This horror movie has been gaining kudos for eschewing many of the staples of the genre – jump scares, excessive gore, torture, CGI, etc. And it is to be applauded for taking a much more character based approach to horror. I admire trying to do something different with the genre, and I always prefer horrors that invest in characters, but ultimately it doesn’t quite deliver.

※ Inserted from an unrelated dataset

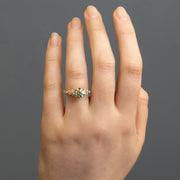 Noah James Jewellers Manchester Engagement Ring Gaia Round Brilliant Cut Scattered Diamond Shoulder Engagement Ring Platinum Lab Grown Diamond Moissanite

The family dynamics centre around Toni Collette’s Annie deal with the death of her domineering mother while working on a miniatures art exhibition, and her relationship with her quirky daughter Charlie and stoner son Peter, with supportive husband Gabriel Byrne always on hand. At times it feels more like an extended family drama – like Manchester by the Sea sprinkled with the Exorcist. It is slow at times, with major events occurring every 30 minutes or so. It contains one scene that made me declare aloud in the cinema “Holy fuckshit!”. But then, I was the only one in there during the current heat wave. It also has an ominous, dread inducing soundtrack, not unlike that used to such effect in February. But whereas in that (underrated) film the soundtrack drove the narrative onwards, here it seems intrusive.

It most closely resembles the Witch, but that had oppressive New England, an aesthetic of brown and a talking goat to commend it. Collette’s performance as the unravelling mother is enthralling, but I didn’t feel any peril for the main characters and confess to being bored a lot of the time.